24 juin, Reims. La Magnifique fait société et PointBreak plonge les dents en avant. Dans le viseur, 3 noms célébrés dans les playlists et les pages du mag. 1 Madone, 1 légende et 1 quartet carré. Hors ligne éditoriale, une invitée pendulaire s’invitera entre deux sets. Courtney Barnett, pilier-relève de la country-noise, fille légitime du trouble Chrissie Hynde-Patti Smith-Neil Young, crush indiscutable de la soirée du festival. Volubile, racée, efficace. Les dents en avant, on vous dit.

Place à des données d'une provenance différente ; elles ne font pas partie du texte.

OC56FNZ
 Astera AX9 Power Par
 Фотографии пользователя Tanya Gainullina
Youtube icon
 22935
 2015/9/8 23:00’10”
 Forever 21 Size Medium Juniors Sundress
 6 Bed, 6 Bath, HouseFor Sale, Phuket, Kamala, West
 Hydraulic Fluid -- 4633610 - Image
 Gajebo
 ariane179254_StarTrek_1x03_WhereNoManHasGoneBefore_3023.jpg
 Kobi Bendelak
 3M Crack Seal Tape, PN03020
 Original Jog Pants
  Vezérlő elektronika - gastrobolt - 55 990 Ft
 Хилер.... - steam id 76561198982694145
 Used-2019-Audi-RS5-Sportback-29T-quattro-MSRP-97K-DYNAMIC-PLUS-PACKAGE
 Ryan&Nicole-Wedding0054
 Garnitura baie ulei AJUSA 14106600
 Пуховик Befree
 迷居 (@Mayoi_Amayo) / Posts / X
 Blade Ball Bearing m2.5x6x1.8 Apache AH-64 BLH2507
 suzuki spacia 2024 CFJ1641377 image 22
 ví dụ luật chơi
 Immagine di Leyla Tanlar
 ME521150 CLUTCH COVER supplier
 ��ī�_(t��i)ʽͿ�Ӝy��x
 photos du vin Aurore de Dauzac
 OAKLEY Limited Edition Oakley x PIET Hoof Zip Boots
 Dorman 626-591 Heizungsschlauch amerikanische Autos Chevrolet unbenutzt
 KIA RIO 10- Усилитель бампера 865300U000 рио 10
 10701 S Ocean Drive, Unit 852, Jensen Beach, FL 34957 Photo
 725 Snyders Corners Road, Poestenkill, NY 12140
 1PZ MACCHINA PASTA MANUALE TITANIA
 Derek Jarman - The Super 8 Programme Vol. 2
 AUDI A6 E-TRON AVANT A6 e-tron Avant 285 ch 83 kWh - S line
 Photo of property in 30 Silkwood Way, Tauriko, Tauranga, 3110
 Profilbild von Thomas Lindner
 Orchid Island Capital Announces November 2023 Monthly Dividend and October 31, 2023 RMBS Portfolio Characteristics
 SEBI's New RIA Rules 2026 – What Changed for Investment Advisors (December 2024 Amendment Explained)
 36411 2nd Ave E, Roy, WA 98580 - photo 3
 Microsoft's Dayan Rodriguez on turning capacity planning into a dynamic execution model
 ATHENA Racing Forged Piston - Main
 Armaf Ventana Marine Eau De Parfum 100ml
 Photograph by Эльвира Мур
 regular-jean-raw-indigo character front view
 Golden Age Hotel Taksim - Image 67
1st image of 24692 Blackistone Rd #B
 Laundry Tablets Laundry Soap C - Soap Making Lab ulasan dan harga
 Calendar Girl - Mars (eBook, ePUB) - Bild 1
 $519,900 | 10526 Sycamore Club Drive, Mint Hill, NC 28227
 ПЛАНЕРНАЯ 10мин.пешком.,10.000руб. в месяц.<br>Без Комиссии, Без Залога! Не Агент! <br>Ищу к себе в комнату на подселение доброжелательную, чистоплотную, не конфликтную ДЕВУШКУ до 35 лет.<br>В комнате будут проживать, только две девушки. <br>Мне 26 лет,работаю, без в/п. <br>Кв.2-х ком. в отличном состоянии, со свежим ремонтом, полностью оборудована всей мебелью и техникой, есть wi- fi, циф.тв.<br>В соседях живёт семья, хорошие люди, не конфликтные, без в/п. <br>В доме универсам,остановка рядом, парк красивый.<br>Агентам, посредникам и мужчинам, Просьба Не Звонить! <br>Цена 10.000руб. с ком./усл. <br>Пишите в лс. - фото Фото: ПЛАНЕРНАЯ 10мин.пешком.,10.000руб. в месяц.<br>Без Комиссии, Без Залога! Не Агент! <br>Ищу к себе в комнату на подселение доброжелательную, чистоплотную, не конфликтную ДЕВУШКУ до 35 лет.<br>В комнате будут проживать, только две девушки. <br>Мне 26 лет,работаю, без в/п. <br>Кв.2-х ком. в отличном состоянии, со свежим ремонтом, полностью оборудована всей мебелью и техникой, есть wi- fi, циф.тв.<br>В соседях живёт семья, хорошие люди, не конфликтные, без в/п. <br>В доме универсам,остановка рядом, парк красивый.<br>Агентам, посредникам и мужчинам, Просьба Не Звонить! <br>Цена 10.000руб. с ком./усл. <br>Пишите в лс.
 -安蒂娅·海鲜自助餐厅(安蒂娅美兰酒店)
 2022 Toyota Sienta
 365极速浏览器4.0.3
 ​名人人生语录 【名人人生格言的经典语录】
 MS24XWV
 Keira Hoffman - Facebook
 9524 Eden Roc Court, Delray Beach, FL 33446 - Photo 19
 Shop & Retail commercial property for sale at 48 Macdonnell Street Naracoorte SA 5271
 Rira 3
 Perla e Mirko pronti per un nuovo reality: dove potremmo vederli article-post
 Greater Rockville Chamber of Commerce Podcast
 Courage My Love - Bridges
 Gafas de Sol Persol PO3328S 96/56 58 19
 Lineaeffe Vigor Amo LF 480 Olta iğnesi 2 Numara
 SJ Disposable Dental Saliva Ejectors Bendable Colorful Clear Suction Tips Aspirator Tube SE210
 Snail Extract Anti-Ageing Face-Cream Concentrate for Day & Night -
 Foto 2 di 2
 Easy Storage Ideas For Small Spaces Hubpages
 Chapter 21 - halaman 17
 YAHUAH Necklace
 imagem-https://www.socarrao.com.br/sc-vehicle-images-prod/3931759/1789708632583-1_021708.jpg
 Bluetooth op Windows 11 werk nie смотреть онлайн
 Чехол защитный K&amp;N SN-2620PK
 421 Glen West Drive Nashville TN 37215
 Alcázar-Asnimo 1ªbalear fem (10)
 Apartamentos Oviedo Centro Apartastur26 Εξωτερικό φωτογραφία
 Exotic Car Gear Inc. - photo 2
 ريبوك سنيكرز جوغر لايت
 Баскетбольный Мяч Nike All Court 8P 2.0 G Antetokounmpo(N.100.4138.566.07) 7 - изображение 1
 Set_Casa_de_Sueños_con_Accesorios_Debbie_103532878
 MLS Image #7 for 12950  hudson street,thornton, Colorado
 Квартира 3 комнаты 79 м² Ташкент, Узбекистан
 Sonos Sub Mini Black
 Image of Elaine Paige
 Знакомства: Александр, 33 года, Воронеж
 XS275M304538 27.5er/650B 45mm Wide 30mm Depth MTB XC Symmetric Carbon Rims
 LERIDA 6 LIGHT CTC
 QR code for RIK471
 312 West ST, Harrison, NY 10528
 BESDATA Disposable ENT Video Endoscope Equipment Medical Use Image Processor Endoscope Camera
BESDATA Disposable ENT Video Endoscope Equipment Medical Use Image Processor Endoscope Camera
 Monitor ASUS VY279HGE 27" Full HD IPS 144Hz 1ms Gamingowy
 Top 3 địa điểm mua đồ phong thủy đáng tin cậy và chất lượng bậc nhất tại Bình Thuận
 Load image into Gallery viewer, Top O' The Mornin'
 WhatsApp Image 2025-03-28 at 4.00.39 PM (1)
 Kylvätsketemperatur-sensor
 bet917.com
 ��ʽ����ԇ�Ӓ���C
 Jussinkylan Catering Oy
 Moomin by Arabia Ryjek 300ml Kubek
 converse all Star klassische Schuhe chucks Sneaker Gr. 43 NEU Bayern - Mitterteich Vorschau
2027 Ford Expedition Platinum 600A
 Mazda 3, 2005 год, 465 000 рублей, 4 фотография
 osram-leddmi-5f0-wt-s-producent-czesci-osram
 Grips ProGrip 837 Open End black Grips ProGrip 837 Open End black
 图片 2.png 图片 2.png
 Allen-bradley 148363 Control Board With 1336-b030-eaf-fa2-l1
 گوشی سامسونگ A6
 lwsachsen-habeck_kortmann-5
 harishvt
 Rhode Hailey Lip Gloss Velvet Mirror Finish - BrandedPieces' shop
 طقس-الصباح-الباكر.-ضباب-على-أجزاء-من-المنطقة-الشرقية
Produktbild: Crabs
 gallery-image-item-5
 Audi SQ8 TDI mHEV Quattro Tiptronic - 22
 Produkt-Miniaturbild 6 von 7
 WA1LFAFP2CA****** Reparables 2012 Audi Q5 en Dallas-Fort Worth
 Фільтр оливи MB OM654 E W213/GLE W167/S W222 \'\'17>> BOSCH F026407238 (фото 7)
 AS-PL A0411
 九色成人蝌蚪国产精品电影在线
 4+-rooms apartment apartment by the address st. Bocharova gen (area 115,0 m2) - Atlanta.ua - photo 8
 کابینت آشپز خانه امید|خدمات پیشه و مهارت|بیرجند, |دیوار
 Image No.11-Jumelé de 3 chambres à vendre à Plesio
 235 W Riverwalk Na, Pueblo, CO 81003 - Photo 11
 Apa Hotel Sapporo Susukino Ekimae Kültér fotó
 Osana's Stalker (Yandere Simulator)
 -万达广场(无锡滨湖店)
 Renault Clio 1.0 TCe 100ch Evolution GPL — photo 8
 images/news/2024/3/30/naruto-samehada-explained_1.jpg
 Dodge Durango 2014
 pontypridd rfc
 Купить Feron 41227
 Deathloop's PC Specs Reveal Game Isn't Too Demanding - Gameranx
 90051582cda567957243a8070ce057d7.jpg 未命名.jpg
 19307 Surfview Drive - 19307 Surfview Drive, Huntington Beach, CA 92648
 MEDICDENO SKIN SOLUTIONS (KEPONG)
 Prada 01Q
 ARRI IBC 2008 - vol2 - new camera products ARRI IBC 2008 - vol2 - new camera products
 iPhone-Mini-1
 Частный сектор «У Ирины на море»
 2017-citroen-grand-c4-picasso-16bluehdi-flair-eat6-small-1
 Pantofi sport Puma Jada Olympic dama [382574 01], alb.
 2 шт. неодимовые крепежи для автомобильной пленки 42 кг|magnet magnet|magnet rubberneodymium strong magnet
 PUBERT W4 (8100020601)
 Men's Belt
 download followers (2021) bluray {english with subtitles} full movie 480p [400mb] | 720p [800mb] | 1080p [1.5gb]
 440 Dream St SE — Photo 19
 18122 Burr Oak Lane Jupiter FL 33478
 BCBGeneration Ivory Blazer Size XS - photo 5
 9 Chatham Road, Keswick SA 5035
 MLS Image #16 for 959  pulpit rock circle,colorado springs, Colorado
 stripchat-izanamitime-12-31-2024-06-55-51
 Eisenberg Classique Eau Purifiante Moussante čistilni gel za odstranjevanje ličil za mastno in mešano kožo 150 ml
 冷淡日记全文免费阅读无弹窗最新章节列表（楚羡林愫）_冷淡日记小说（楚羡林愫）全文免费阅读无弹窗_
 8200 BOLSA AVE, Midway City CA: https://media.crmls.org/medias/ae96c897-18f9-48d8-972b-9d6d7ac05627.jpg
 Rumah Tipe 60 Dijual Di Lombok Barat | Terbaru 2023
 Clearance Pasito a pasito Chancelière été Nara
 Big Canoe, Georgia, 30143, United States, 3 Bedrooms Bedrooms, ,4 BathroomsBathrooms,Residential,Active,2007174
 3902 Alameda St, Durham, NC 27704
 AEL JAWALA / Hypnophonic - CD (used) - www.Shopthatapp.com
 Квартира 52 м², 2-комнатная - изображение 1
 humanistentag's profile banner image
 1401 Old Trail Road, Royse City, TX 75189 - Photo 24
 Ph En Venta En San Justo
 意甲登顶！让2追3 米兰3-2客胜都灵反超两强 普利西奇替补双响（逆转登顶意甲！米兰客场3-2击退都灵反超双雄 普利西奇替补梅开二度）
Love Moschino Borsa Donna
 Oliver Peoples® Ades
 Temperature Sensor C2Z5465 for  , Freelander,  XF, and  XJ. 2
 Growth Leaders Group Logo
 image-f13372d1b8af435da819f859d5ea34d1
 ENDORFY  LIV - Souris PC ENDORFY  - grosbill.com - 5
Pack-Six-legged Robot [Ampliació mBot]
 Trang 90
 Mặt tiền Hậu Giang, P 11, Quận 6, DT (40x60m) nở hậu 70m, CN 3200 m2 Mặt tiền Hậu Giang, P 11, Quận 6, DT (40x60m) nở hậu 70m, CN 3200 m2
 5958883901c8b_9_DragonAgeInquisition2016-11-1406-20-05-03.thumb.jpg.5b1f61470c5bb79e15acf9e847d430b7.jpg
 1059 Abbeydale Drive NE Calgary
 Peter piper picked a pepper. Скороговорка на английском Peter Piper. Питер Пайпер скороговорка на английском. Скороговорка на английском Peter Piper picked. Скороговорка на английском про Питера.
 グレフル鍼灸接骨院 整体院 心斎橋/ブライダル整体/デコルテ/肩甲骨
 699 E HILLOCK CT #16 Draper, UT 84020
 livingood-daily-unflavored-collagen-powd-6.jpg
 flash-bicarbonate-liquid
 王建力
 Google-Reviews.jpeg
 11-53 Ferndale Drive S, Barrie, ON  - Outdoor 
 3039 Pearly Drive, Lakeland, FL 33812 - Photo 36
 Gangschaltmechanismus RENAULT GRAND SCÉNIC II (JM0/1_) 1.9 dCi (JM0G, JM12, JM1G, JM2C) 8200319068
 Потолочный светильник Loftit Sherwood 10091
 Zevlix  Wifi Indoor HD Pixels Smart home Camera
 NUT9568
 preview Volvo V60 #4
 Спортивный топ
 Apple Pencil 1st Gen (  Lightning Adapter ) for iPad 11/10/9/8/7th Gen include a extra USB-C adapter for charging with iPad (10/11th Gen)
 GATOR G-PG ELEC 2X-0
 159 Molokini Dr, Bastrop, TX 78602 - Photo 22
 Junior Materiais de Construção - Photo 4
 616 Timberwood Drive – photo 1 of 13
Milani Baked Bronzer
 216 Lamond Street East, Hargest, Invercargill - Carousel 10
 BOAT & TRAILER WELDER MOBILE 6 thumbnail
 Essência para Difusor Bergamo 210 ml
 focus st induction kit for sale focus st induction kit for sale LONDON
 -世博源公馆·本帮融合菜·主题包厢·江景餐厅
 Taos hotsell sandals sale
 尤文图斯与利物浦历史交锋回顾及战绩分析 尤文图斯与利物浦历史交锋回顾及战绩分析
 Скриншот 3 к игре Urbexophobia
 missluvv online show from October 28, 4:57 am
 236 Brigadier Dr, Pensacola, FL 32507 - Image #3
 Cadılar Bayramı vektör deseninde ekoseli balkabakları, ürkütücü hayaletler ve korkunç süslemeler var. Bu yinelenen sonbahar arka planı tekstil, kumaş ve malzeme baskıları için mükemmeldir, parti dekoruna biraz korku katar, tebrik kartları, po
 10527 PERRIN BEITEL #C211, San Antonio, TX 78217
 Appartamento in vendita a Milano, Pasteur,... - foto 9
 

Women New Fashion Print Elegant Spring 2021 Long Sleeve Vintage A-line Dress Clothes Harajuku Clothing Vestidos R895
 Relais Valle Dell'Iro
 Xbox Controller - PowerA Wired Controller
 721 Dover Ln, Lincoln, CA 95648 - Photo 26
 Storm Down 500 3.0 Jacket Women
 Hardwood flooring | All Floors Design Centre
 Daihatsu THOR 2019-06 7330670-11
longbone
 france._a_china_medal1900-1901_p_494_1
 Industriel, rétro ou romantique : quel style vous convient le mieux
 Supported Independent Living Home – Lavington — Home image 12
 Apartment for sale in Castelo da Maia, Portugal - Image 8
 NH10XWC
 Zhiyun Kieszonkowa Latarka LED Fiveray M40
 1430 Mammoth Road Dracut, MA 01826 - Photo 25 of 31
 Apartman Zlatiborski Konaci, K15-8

Plus tôt, en ouverture des 3 jours de cette Magnifique Society 2022, c’est une autre fille qui prend le flow. Emma-Jean Thackray, version quartet amputé du sousaphone sweet and sour de Ben Kelly. Dommage. La basse électrique, jamais en reste pour deux bémols et trois bécarres, remplace le soufflant et le set s’en trouve moins rond mais assuré d’un rebond. Redoutable. EJT, attifée en Run-DMC 2.0, en profite pour pousser encore plus ses embrouilles d’écoutes. Hip hop, free jazz, groove impénitent et tentations R’n’B. On verse dans le sunshine groove, dans le paradoxe lumineux. Lumineux, c’est joli pour un combo venus des bords de la Tamise. Dougal Taylor, aux drums, joue toujours aussi serré et heurté, parfait pour le Blue beat. Aux Rhodes, Lyle Barton sert une touche toujours aussi blue morose, parfait pour le break beat. Puis la tête du quarté gagnant, EJT herself, Madone tout juste assise sur ce mélange ascensionnel, au sens mystique du mot. Chamanique, vertical et transcendé. On monte aussi, bouche ouverte, on aura sauvé quelques dents du crash. 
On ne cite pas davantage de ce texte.